DRAM Access Protocol

1. Row Activation (RAS - Row Address Strobe)

Select row → Sense amplifiers read entire row into row buffer
Latency: ~15 ns

2. Column Access (CAS - Column Address Strobe)

Select column from row buffer → Transfer data
Latency: ~15 ns

Total first-word latency: ~50-100 ns (150-300 CPU cycles!)

DRAM Bandwidth vs Latency

Latency: Time to first byte

CAS Latency (CL): 15-20 cycles (at DRAM clock)
First word: ~50-100 ns

Bandwidth: Peak transfer rate

DDR4-3200:
- Clock: 1600 MHz (double data rate)
- Bus width: 64 bits
- Peak bandwidth: 25.6 GB/s
 
DDR5-4800:
- Clock: 2400 MHz
- Peak bandwidth: 38.4 GB/s

Key insight: DRAM is like a truck

High latency (takes time to get to warehouse)
High bandwidth (carries lots of cargo once moving)

→ Amortize latency by transferring large blocks!

Row Buffer Locality

Row buffer acts like a cache for one DRAM row.

// Good: Sequential access (same row)
for (int i = 0; i < 1000; i++) {
    data[i] = 0;  // Row buffer hits!
}
Accesses: 1 row activation + 1000 column accesses
 
// Bad: Random access (different rows)
for (int i = 0; i < 1000; i++) {
    data[random()] = 0;  // Row buffer misses!
}
Accesses: 1000 row activations + 1000 column accesses (16x slower!)

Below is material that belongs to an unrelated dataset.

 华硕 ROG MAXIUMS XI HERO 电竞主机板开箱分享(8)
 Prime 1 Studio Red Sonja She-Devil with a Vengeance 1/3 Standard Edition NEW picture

Bandwidth vs Latency Trade-offs

Bandwidth-Optimized: GPUs

GPU GDDR6 Memory:
- Latency: 200-300 cycles (worse than CPU DRAM!)
- Bandwidth: 600-900 GB/s (20x better than CPU!)
 
Why?
- Wide bus (384-512 bits vs 64 for CPU)
- Many parallel memory channels
- High clock speeds

Use case: Streaming workloads where you can hide latency with parallelism

Latency-Optimized: CPUs

CPU DDR4 Memory:
- Latency: 50-80 ns (better than GPU)
- Bandwidth: 25-50 GB/s (limited)
 
Why?
- Sophisticated prefetchers
- Out-of-order execution to hide latency
- Large caches to reduce memory accesses

Use case: Irregular, pointer-chasing workloads

Memory Access Patterns in Practice

Pattern 1: Sequential Scan (Good!)

// Streaming access - excellent spatial locality
for (int i = 0; i < n; i++) {
    sum += array[i];
}
 
Characteristics:
✅ High spatial locality (cache lines fully utilized)
✅ Prefetcher friendly (predictable pattern)
✅ Row buffer hits (DRAM friendly)

Pattern 2: Strided Access (Medium)

// Matrix column access
for (int col = 0; col < n; col++) {
    for (int row = 0; row < n; row++) {
        sum += matrix[row][col];  // Stride = n
    }
}
 
Characteristics:
⚠️ Poor spatial locality if stride &gt; cache line
⚠️ Some prefetcher support (constant stride)
✅ Row buffer locality if stride is small

Pattern 3: Random Access (Bad!)

// Hash table lookup
for (int i = 0; i < n; i++) {
    sum += hash_table[hash(keys[i])];
}
 
Characteristics:
❌ No spatial locality
❌ No temporal locality (unless highly skewed)
❌ Prefetcher cannot help
❌ Cache thrashing

Cache-Friendly Programming

Technique 1: Loop Ordering

// Bad: Column-major access of row-major array
for (int col = 0; col < n; col++) {
    for (int row = 0; row < n; row++) {
        sum += matrix[row][col];  // Stride = n (poor spatial locality)
    }
}
 
// Good: Row-major access of row-major array
for (int row = 0; row < n; row++) {
    for (int col = 0; col < n; col++) {
        sum += matrix[row][col];  // Stride = 1 (excellent spatial locality)
    }
}
 
Speedup: 3-10x from just changing loop order!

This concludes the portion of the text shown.